Any help is much appreciated. Also how would you describe this particular slab as to what part of a tree it came from, e.g., a hip where a branch started to shoot out. It is going to be a really nice coffee table once I figure out how and what to make the legs out of. There is a crack in the center that I think you can see in the pics. I am not sure there is any call to do anything about it though. Maybe just leave it.

I will likely not use any non-organic product on this piece to finish it, most likely just tung oil. I don't particularly like the typical polyurethane coating all over the wood that I see a lot of.

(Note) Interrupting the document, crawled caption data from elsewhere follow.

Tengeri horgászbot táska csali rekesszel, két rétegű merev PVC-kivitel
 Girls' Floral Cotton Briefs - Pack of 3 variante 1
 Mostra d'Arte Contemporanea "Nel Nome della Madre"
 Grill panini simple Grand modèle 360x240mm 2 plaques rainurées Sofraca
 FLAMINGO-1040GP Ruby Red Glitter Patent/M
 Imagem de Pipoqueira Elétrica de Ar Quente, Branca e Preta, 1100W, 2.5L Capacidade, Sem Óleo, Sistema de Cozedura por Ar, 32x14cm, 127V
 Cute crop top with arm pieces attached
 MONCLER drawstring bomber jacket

Any help will be appreciated, thanks.


----------



## ric53 (Mar 29, 2014)

It looks like some sort of walnut. It would help what part of the states it came from


----------



## chrisstef (Mar 3, 2010)

Leaning towards walnut here as well.


----------



## Kazooman (Jan 20, 2013)

I agree some type of walnut. You can see the grain by sanding a bit and wiping with mineral spirits. The solvent will evaporate completely. I wouldn't wipe an area down with tung oil like that even if that was going to be the final finish. The oil can penetrate pores in the wood and cure (like it is meant to). Then when you go to sand the entire piece that area might act differently leaving a blotch. Hopefully you won't have any problems with that very nice piece of wood.


----------



## GravyBones (Apr 20, 2015)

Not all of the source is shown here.